TASK REQUIREMENTS :: Please filter the data down to the lines that include the word "Dial" and copy them.

Stored items:
--- START ---
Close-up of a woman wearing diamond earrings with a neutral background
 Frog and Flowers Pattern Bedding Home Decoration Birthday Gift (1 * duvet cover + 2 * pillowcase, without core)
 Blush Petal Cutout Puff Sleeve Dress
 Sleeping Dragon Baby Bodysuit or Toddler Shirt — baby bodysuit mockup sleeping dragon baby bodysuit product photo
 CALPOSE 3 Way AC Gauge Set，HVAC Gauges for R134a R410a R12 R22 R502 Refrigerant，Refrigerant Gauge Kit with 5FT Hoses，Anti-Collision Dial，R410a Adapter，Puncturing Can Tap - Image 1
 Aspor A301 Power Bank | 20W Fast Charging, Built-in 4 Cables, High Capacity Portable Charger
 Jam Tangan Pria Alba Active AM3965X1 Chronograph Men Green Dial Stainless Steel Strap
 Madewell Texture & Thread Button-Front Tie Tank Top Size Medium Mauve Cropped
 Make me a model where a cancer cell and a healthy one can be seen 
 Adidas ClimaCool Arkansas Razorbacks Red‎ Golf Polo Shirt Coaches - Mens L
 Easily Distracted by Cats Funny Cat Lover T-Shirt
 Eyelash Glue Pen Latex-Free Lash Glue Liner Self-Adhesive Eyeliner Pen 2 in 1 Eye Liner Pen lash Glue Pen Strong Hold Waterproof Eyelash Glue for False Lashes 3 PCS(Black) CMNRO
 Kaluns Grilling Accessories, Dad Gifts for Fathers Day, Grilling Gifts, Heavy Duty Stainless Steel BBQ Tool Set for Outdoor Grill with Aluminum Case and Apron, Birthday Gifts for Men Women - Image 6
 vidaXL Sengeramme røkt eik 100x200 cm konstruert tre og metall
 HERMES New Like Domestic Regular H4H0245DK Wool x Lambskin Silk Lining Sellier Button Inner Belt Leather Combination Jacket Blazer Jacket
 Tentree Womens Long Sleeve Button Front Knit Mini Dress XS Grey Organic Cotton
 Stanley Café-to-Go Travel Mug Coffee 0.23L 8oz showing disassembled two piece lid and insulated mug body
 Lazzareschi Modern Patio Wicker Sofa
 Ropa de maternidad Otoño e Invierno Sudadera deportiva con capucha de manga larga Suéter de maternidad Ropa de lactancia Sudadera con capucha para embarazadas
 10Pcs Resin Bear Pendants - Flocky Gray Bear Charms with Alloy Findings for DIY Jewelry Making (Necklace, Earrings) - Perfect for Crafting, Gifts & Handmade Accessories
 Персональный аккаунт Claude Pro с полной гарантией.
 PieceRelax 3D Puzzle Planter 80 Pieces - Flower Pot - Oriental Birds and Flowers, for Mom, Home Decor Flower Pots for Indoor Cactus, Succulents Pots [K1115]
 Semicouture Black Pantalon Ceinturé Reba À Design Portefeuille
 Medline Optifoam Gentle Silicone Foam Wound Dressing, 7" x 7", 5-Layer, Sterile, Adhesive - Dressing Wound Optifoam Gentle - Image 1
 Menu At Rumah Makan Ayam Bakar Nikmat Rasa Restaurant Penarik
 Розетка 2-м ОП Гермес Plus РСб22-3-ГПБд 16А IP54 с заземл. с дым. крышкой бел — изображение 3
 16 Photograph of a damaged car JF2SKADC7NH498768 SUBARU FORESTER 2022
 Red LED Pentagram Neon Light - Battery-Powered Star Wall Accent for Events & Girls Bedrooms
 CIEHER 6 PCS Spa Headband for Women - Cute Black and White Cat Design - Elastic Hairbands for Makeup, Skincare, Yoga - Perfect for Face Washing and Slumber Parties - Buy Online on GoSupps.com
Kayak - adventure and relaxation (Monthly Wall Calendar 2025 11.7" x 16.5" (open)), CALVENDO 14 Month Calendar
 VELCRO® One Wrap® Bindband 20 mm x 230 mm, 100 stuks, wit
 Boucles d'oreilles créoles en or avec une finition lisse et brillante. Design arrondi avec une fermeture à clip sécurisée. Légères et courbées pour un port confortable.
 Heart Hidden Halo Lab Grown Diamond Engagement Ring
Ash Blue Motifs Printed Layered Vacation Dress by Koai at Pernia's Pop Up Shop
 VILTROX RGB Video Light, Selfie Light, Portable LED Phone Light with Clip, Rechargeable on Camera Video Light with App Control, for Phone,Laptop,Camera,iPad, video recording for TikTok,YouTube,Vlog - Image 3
--- END ---
RESULT OF THIS TASK ::
 CALPOSE 3 Way AC Gauge Set，HVAC Gauges for R134a R410a R12 R22 R502 Refrigerant，Refrigerant Gauge Kit with 5FT Hoses，Anti-Collision Dial，R410a Adapter，Puncturing Can Tap - Image 1
 Jam Tangan Pria Alba Active AM3965X1 Chronograph Men Green Dial Stainless Steel Strap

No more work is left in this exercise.